Rujuk kepada ahli diet untuk membantu memilih makanan yang dapat memenuhi kebutuhan gizi selama skit panas

f.     Resiko kekurangan volume cairan yang berhubungan dengan demam, diaphoresis, dan masukan oral sekunder terhadap proses pneumonia
DS :     -Klien mengatakan sering haus
DO :    -Tekanan darah 90/70 mmHg
-Nadi : 50 x permenit
Batasan karakteristik : menyatakan haus, hipernatremia, membrane mukosa kering, urine kental, turgor buruk, berat badan berkurang tiap hari, frekurnsi nadi lemah, dan tekanan darah menurun
Criteria evaluasi :
-  Klien mampu mendemontrasikan perbaikan status cairan dan elektrolit.
- Output urine lebih besar dari 30 ml/jam, berat jenis urine 1,005 – 1,025, natrium serum dalam batas normal, membran lembab, turgor kulit baik,tidak ada penurunan berat badan, dan tidak mengeluh kehausan.

MONITOR
-  Pantau Intake dan output cairan setiap 8 jam, timbang BB tiap hari, hasil pemeriksaan analisis urin dan elektrolit serum, kondisi kulit dan membrane mukosa tiap hari.
-  Monitor intake cairan dan output urine tiap 6 jam.
TINDAKAN MANDIRI
-Berikan terapi intravena sesuai dengan anjuran dan berikan dosis pemeliharaan, selain itu berikan pola tindakan-tindakan pencegahan.
- Berikan cairan per oral sekurang-kurangnya tiap 2 jam sekali. Dukung klien untuk minum cairan yang bening dan mengandung kalori.
KOLABORASI
-Laporkan pada dokter jika ada tanda-tanda kekurangan cairan menetap atau bertambah berat.













DAFTAR PUSTAKA

Brunner dan Suddarth. 2001. Keperawatan Medikal Bedah Ed. 8 Vol 1. Penerbit Buku Kedokteran EGC. Jakarta.
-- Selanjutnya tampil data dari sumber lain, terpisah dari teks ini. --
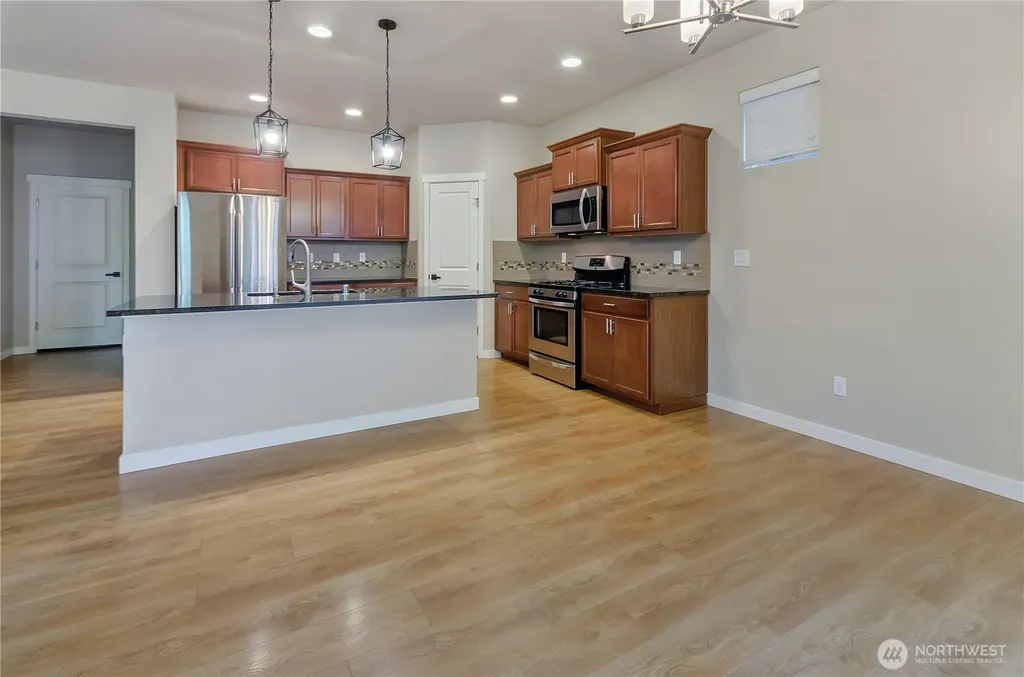 7623 163rd Street Ct E Puyallup WA 98375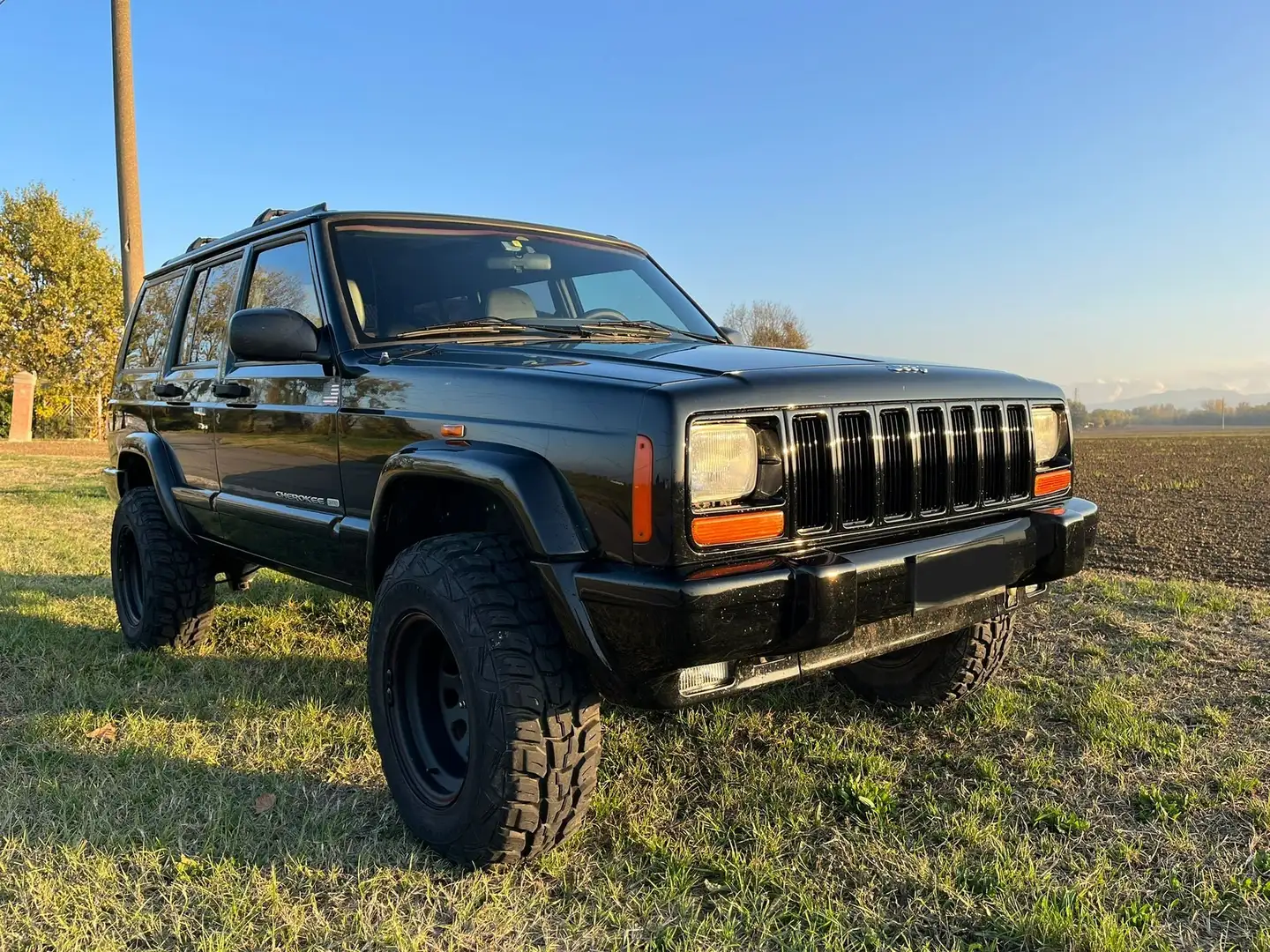 Jeep Cherokee Cherokee 5p 2.5 td Limited Zwart - 2
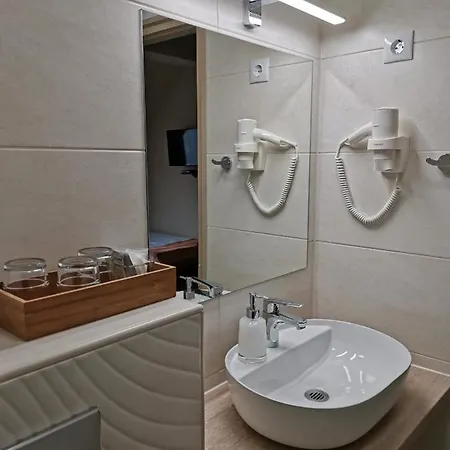 Alfa 3* Győr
Doenges, Marilynn E. 2000. Rencana Asuhan Keperawatan: Pedoman Untuk Perencanaan dan Pendokumentasian Perawatan Pasien Ed.3.EGC. Jakarta.

Charles, J.Reeves, dkk. 2001. Buku 1 Keperawatan Medikal Bedah Ed. I. Salemba Medika. Jakarta.

Price, Sylvia Anderson. 2005. Patofisiologi: Konsep klinis proses-proses penyakit Ed. 6 Vol 2. EGC. Jakarta.